In his summer press conference, chancellor Scholz emphasised the opportunity the crisis presented to transition away from fossil fuels for the sake of domestic energy security. “The need to act very quickly to avoid a cold winter and a long-lasting economic crisis […] has also considerably accelerated the pace of [the climate-friendly modernisation] and, as I perceived it, also increased the consensus that this must now be done at great speed,” Scholz told journalists in the room, speaking of his coalitions achievement in meeting the moment with the necessary speed.

The list of climate and energy policies presented by the government and decided by parliament since the coalition took office is long. The reforms form part of the comprehensive climate action programme meant to get the country back on track to reaching climate targets, of which the economy ministry presented a draft in early summer, after months of delay.

The coalition raised renewables expansion targets, aiming to double onshore wind and more than triple solar PV and offshore wind power capacity from today’s levels to ensure renewable energy covers at least 80 percent of electricity consumption by 2030. It introduced legislation to ensure sufficient land is available for renewable expansion and to speed up planning and permitting procedures for these facilities and the necessary power lines.
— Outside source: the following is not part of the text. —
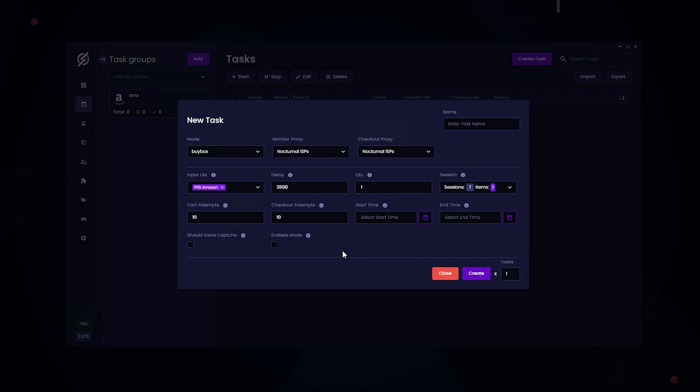So for example, if you had a monitoring task that you created and it was monitoring the PS5 SKU, once it picks up, it's going to notify this task to start adding to cart. And the same goes for the server side mode. If you select the PS5 list provided by Stellar, once it picks up that the SKU is in stock, it's going to ping your task and it's going to start adding to cart.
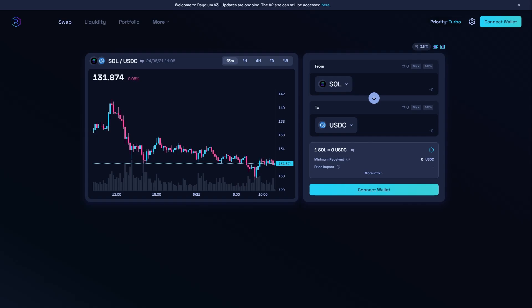In today's video, I'll be showing you how you can connect your Phantom wallet to Radium. This is a very quick and simple thing to do, so make sure you watch this video all the way to the end so you don't miss any important steps.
It abolished the renewables surcharge to finance renewables expansion from the federal budget, and launched a pioneering subsidy system to support industry in slashing emissions. Yet, the controversial heating law and the – also disputed – climate law reform, are yet to be agreed upon, which is likely to happen after the summer recess.
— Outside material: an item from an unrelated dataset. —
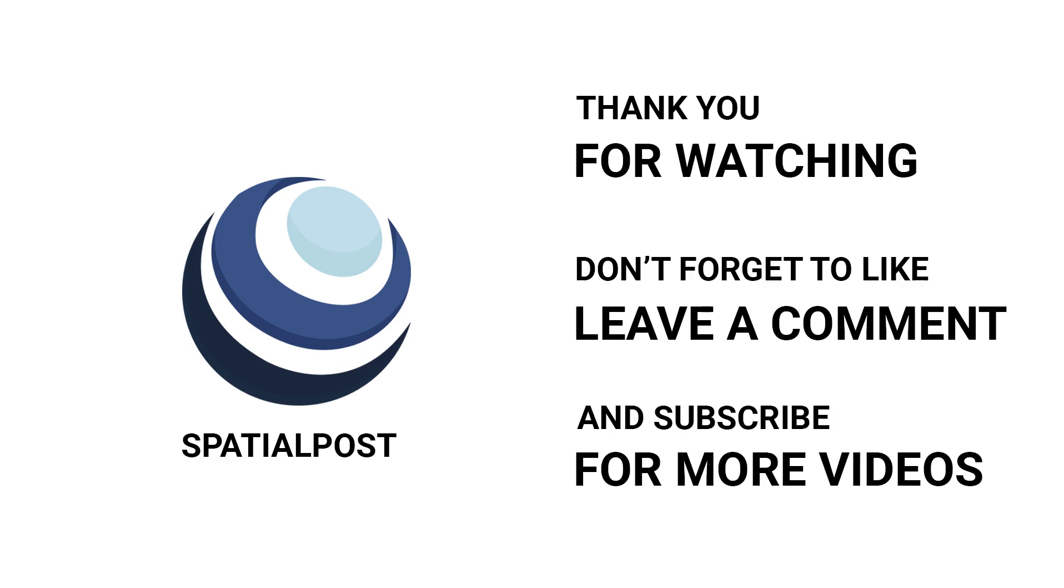Please make sure you like this video. Subscribe to SpatialPost.com YouTube channel and share this on social media. Visit SpatialPost.com for more details.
“The pace has picked up in our country, and it will be accelerating more and more,” Scholz added.

A lot still to be done, with results needed with “more speed and less noise” – Scholz

Pace is needed, as there are still many things on the government’s agenda until the next national election in 2025. This includes a planned Carbon Management Strategy which would illuminate Germany’s plan to tackle carbon capture and storage (CCS) in the coming decades; rules on future hydrogen imports; or the promised climate bonus. The government also aims to recalibrate the electricity market design, assess the coal exit with the possibility of pulling it forward to 2030, and present a climate foreign policy strategy. There are also unresolved areas within the coalition, such as Habeck’s proposal for an industry power price which both chancellor Scholz and finance minister Lindner view with some apprehension.

In his summer press conference, Scholz said his impression was that his coalition still had a lot to do as the summer recess dawned. Results, he added, would be achieved with “more speed and less noise” than until now.